Saturday, September 11, 2010

Things That Fill Me With Happiness (A List)


  • A good book
  • Cottages in the forest
  • Crochet sweaters
  • Empty journals waiting to be filled
  • Enchanted princes
  • European villages
  • Flowers painted on the inside of teacups
  • Hot chocolate
  • Letters tied with ribbon
  • Miyazaki movies
  • Pearls
  • Pintucks, lace, and ruffles
  • Portrait miniatures
  • Red-striped 18th century dresses
  • Sunlight dappling on grass
  • Taking pictures
  • The spots on a fawn's back
  • Unexpectedly finding some wonderful, longed-for item
  • Waking up to snow


Photo by http://www.flickr.com/photos/31542097@N05/4282943775/

Sunday, July 4, 2010

Tonight


...I am remembering. Lying on the trampoline on summer nights and squinting up at a trillion grains of light. Setting up little fairy-sized towns with plastic pools and fuzzy grass, cut through by miniature train tracks. Mists of woodsmoke on overcast afternoons, with the smell curling through the trees. The ache of a thousand castle stairs burning in my legs. Falling asleep to the careful rocking of the water, a floating cradle in the darkness with the clank of the sails for my lullaby.

Sunday, June 27, 2010

A Tale from Cair Paravel: The Selkie



I have only seen a Selkie once.

I was seventeen, walking alone along the quiet, rock-strewn beach of a sleepy little English town. He was shirtless, sitting chest-deep in the water with his face to the sea, his hair black and ragged around his shoulders. Something about him, his stillness, his bareness even though the water was cold and the wind was blowing, the way he sat almost silhouetted against the coast and the rocks, caught my attention. I slowed to a stop, and putting aside my usual caution, slipped my camera from my coat pocket to snap a picture of him.
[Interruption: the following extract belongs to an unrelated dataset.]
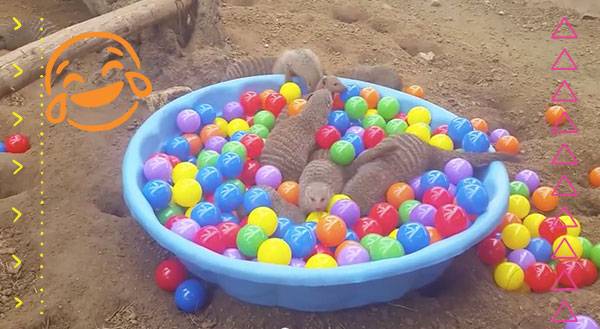 Who Knew Chuck E. Cheese’s Opened A Ball Pit for Mongooses?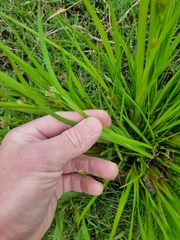 Juncus prismatocarpus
With the click of the camera he spun around to face me. I had taken him for a villager or tourist, or one of those wandering students who always seem to be backpacking around Europe like gypsies and camping under the stars. But I saw his face, saw his hipbones naked over the the top of the rock he clung to, saw the fierceness in the set of his shoulders and the wildness in his eyes and instantly I knew he was none of those things.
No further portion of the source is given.